By Hildegade Manzvanzvike
The holding of the harmonised elections sometime this year will be the highpoint for judging Operation Restore Legacy and the subsequent events that saw former President Robert Mugabe stepping down from office after 37 years.
This will also be the biggest test for President Mnangagwa, who will contest the presidential election on a Zanu-PF ticket, more so when he has made it very clear that Zimbabwe will deliver a free, fair, credible and violence free election.
Four months into the new dispensation, there is need for all and sundry to reflect on the events of those past few months, and to put on our thinking caps and ask: What is it that I can do for Zimbabwe in this new era? Instead of, What is it that Zimbabwe can do for me? Although the relationship is interlinked.
It is very easy to miss the mark, when one is so close to realising their dream, especially among some Zanu-PF cadres. Overzealousness can cost the party big time. When suddenly a country as small as Zimbabwe has more than 100 political parties, all claiming to contest the forthcoming elections, you realise that most of them are devil’s advocates, whose wish is to see ED’s fortunes wane.
The sooner the Commissariat department in Zanu-PF takes a fame stand on certain behaviours, the better.
We know that Mugabe called the shots in Zanu-PF since the early 1960s. He was among the nationalists that worked hard for the independence of Zimbabwe, and that came with power and privileges.
He never realised that one day he would be called “former president”, so too his wife former First Lady Grace Mugabe.
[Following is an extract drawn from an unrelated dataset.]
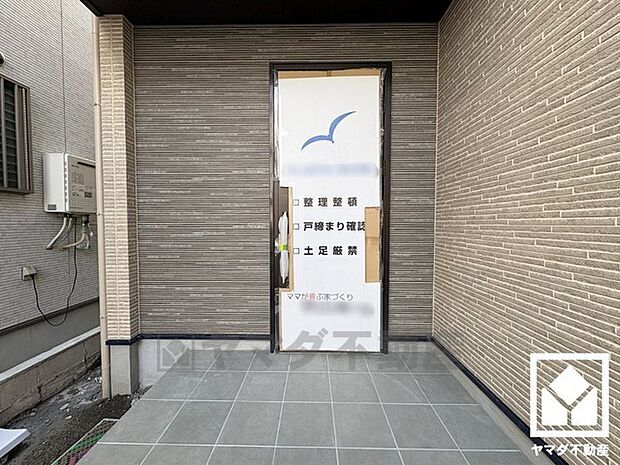 シンプルで洗練された玄関デザイン。帰るたびにホッとできる、心地よい住まいの入り口。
But to everything, there is a beginning and an end. We can call them attention seekers; a selfish lot and self-centred, but these are people who lived like there was no tomorrow.
The spirit to control and even own Zimbabwe and its people is still reining supreme, but we know that soon and very soon they will calm down and realise that the baton stick was not meant for one person or family.
Even Ian Douglas Smith after declaring that not in a thousand years will a black man rule the then Rhodesia, had to give in. He did not do so quietly. The public domain is full of epithets and other schemes he tried, but it did not work.
The same with Mugabe. He should not be allowed to self-destruct the work he did for this nation for more than five decades. He must be made to understand that Operation Restore Legacy was for the common good, him included, and the nationalists and war veterans who brought freedom to this country.
To shred his legacy would automatically mean that we are complicit in shredding the legacy of our hard won independence.
This is why The Sunday Mail columnist Bishop Lazarus cautioned the Zanu-PF youths about the reckless abandon they displayed while chanting their party slogan and said: “Pasi naMugabe!”
Bishop Lazarus protested, “No, no, no! Let’s not fall into Jonathan’s (Moyo) evil trap. That is exactly what he wants, and we should never, ever give it to him.”
Because they were using the wisdom of his world, they nearly fell into the enemy’s hands. American fiction writer Mark Twain gives a good summation of handing oneself into enemy hands when he wrote in the 19th century: “An enemy can partly ruin a man, but it takes a good-natured, injudicious friend to complete the thing and make it perfect.” Both the former president and the overenthusiastic cadres in Zanu-PF were falling in the same enemy’s hands.
When President Mnangagwa’s mantra has become, “Zimbabwe is open for business”, the youths should not expend their much needed energy on an individual who is already out of the way, an iconic figure, who thinks that Zimbabwe and its people are his personal property, at the same time giving the impression that him, and him alone took ZANU-PF from the muddy places into independence. If he cannot lead it, then nobody else should, especially President Mnangagwa.
These are delicate moments for ZANU-PF and Zimbabwe. What makes it worse is that there is also a lot of intra-party fighting in the opposition MDC-T, as they are tearing each other apart for the top leadership position that fell vacant after Morgan Tsvangirai, who had been at the helm since 1999, died in February this year.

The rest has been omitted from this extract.